WHAT YOU ARE ASKED TO DO
Copy out exactly the stretch below, from the line with "HLV Bielsa tìm ra đấu pháp để hạ gục Man Utd" through the line with "Rucksack Schwarz", both included; the pictures stay out.

PROVIDED ENTRIES
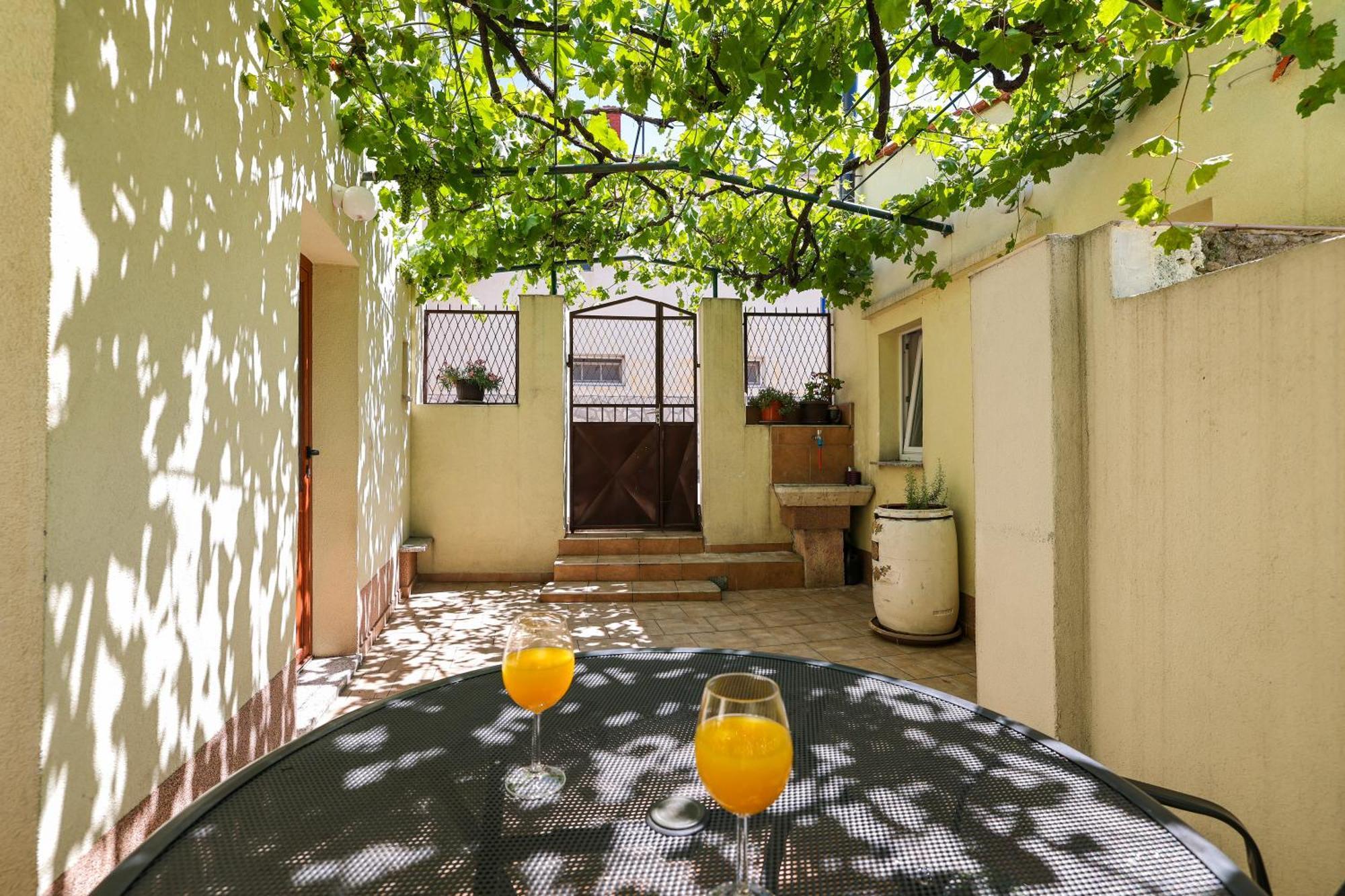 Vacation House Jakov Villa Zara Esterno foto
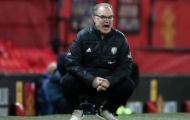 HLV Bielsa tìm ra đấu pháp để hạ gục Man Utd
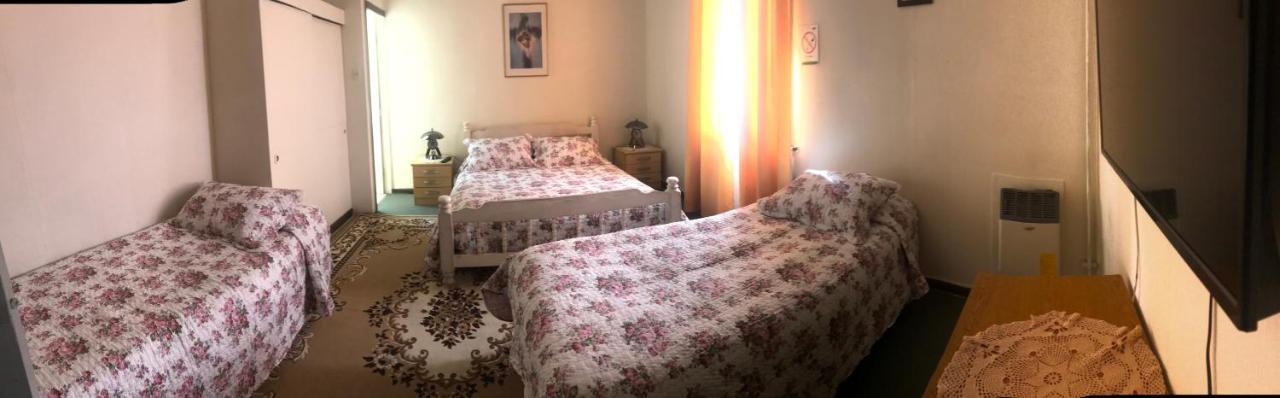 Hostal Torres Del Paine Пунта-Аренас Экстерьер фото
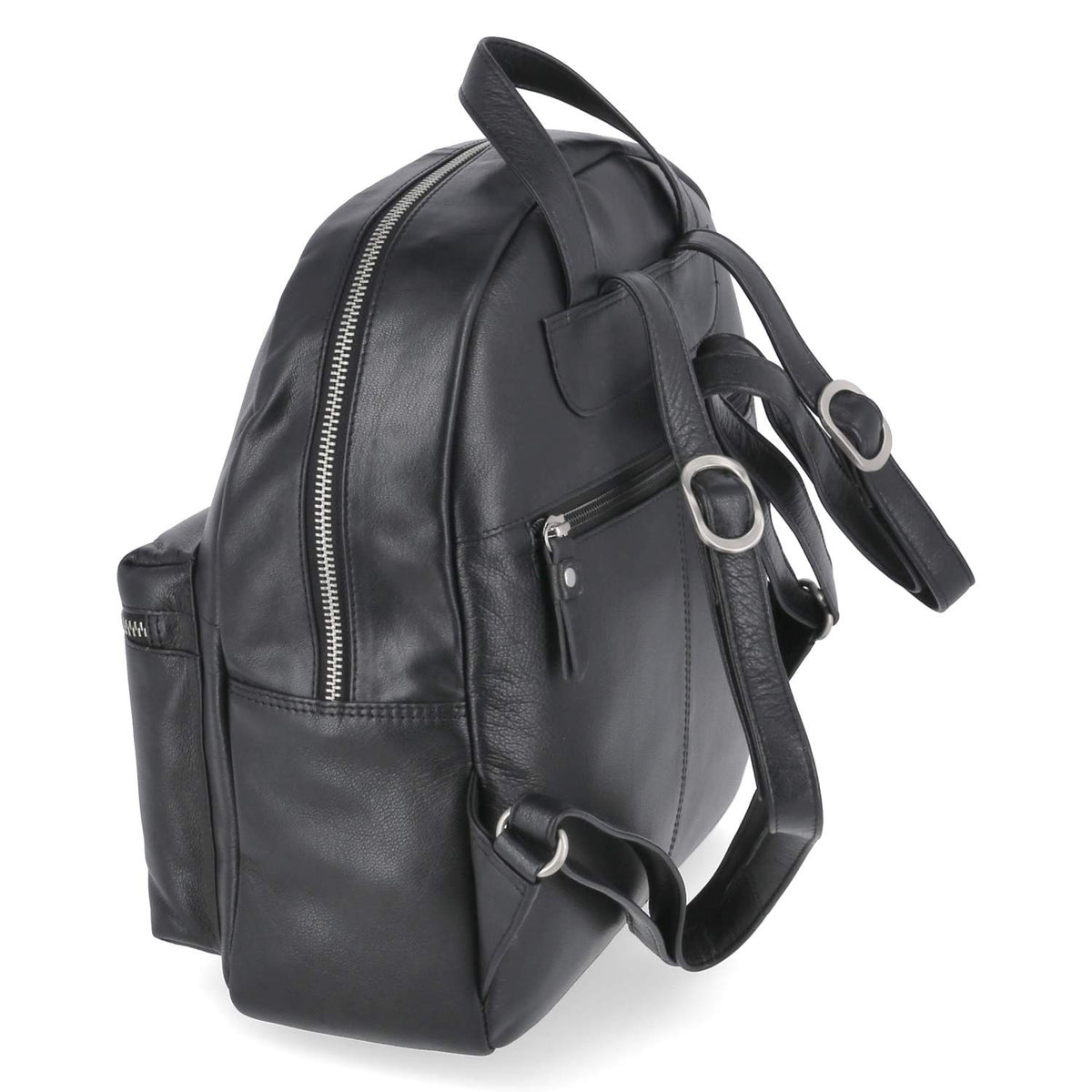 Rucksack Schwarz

==

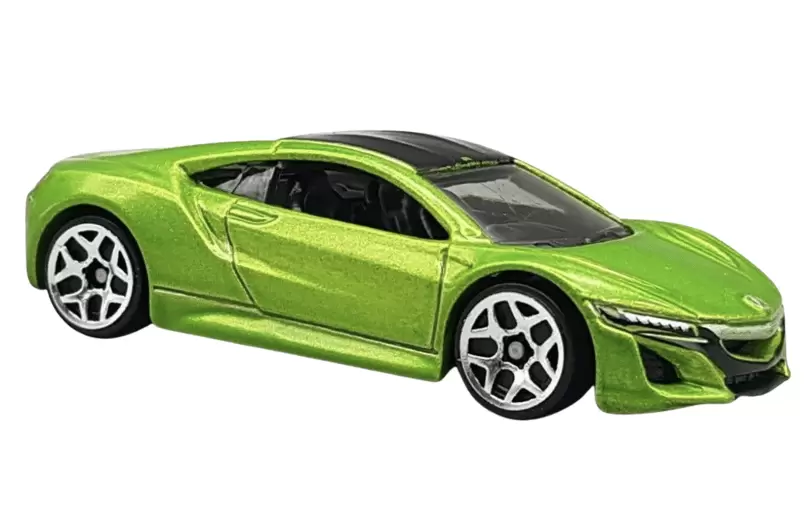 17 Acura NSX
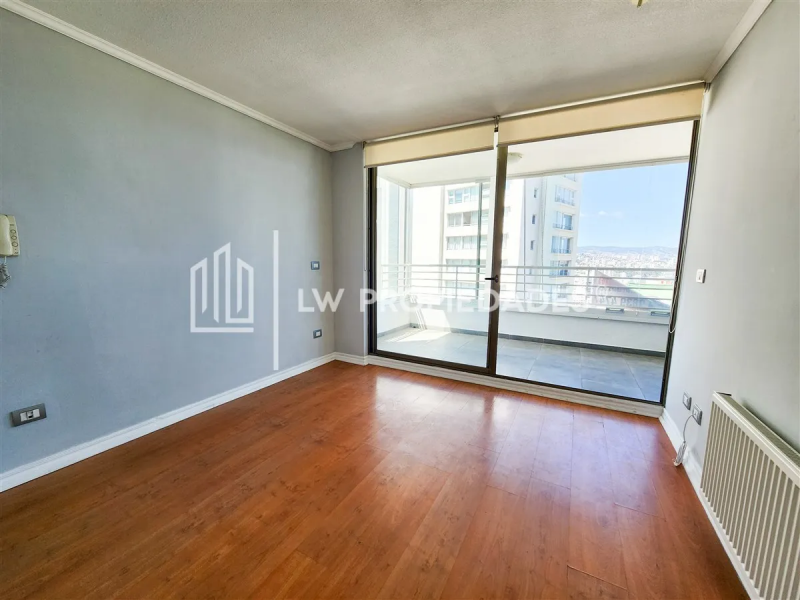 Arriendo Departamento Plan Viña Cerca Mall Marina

ANSWER TO THIS TASK
 HLV Bielsa tìm ra đấu pháp để hạ gục Man Utd
 Hostal Torres Del Paine Пунта-Аренас Экстерьер фото
 Rucksack Schwarz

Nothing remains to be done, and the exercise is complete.